WI-38 nuclear extract (Forskolin stimulated)

Catalog No: 40300 Format: 200 µg ¥44,000 Buy

Contents

2 x 100 µg of WI-38 nuclear extract (Forskolin stimulated) at 2.5 µg/µl.

Background

WI-38 nuclear extract (Forskolin stimulated) was prepared from a cell culture of the human lung fibroblast WI-38 cell line. The WI-38 cell line was originally derived from lung tissue obtained from a Caucasian female fetus of 3 months gestation. The WI-38 cell line was the first normal diploid human cell line to be continuously cultivated. WI-38 cells are known to have the broadest viral spectra of any cell population that has been tested and are frequently used in research to isolate viruses, such as rhinovirus, and for the production of viral vaccines, including rubella, rabies, and hepatitis A. These cells have a limited replicative lifespan of approximately 50 population doublings after which they enter a state of irreversible growth arrest known as replicative senescence. WI-38 cells are most commonly used in research in studies of viral production, replicative senescence, and as normal controls.

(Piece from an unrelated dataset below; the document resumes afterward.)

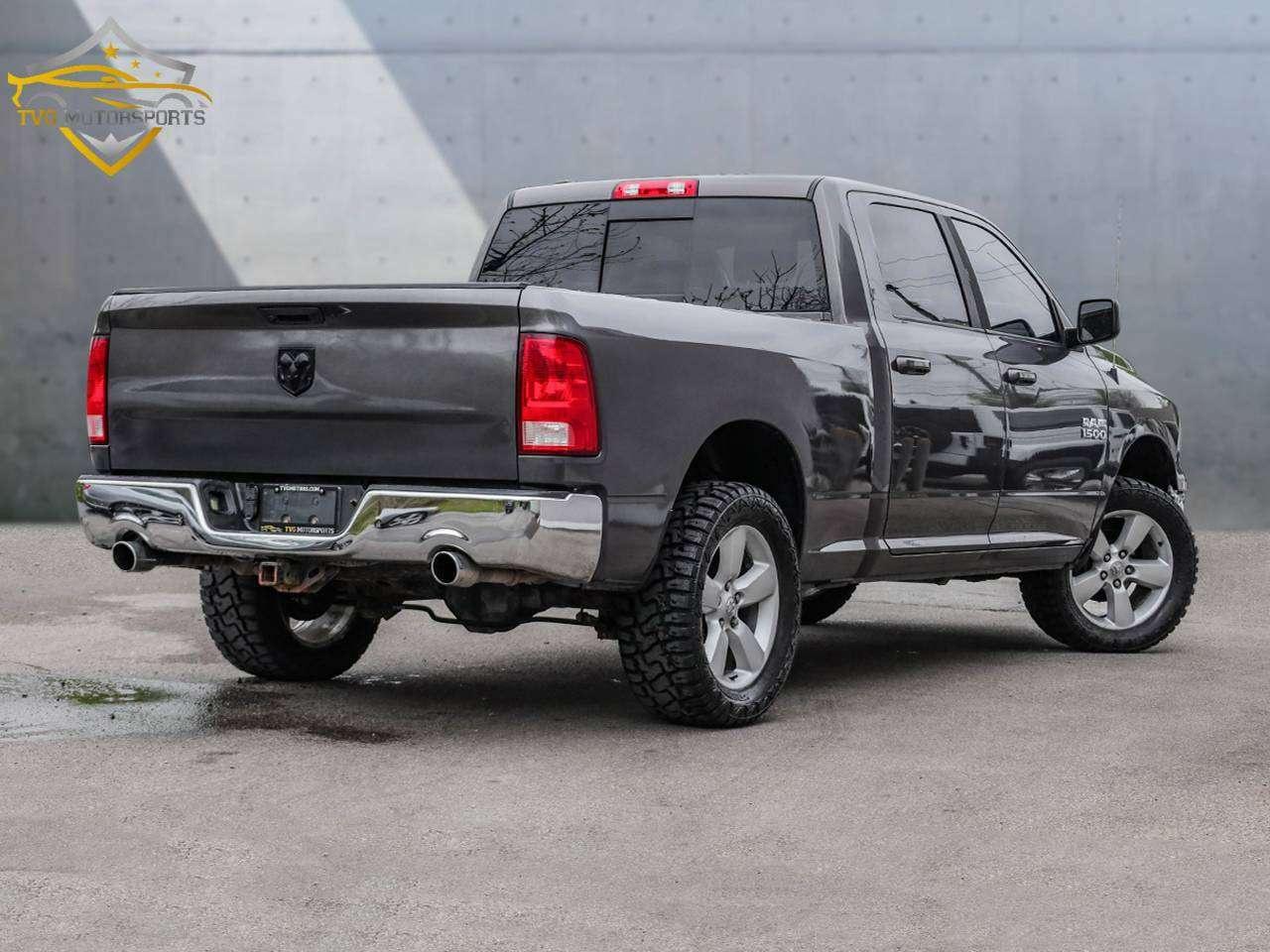 2019 RAM 1500 SLT Photo3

Forskolin is an inducer of intracellular cyclic AMP (cAMP), a second messenger that is used for signal transduction during various biological processes, including lipid metabolism and regulation of glycogen and sugar levels. Forskolin was used to stimulate cAMP production in WI-38 cells, leading to the downstream activation of protein kinase A (PKA) and calcium channels.

Application Notes

WI-38 nuclear extract (Forskolin stimulated) is specifically recommended for studies related to cAMP-mediated signal transduction.

Extract Origin

Human normal lung fibroblast

Extract Composition

WI-38 nuclear extract was collected in Lysis Buffer after a 30-minute incubation with forskolin (20 µM). The Lysis Buffer consists of 20 mM Hepes pH 7.5, 400 mM NaCl, 20% glycerol, 0.1 mM EDTA, 10 mM NaF, 10 µM Na2MoO4, 1 mM NaVO3, 10 mM PNPP, 10 mM β-glycerophosphate, 1 mM DTT and protease inhibitors. The protein content has been determined by a Bradford-based assay.

Quality Control

Each lot has been tested for CREB activation by using TransAM® pCREB Kits. The signal intensity for CREB activation in each lot is compared to the signal intensity obtained with extracts from unstimulated WI-38 VA13 cells (see figure). After the signals are blanked, the ratio of the signals from stimulated cells over unstimulated cells must be above 3. This ratio may vary depending on the basal level of CREB activation in a given cell type.

 
Figure 1: Measurement of phosphorylated CREB.

Figure 1: Measurement of phosphorylated CREB.
Human fibroblast WI-38 cells are stimulated with Forskolin for 30 minutes. Increasing amounts of nuclear cell extracts are assayed using the TransAM pCREB Kit.

Storage

To ensure stability, extracts should be stored at -80°C.

We recommend aliquoting the extracts into single-use fractions and then storing them at -80°C. This eliminates repeated freeze/thaw cycles.

Guarantee

This product is guaranteed for 6 months from date of receipt.

This product is for research use only and is not for use in diagnostic procedures.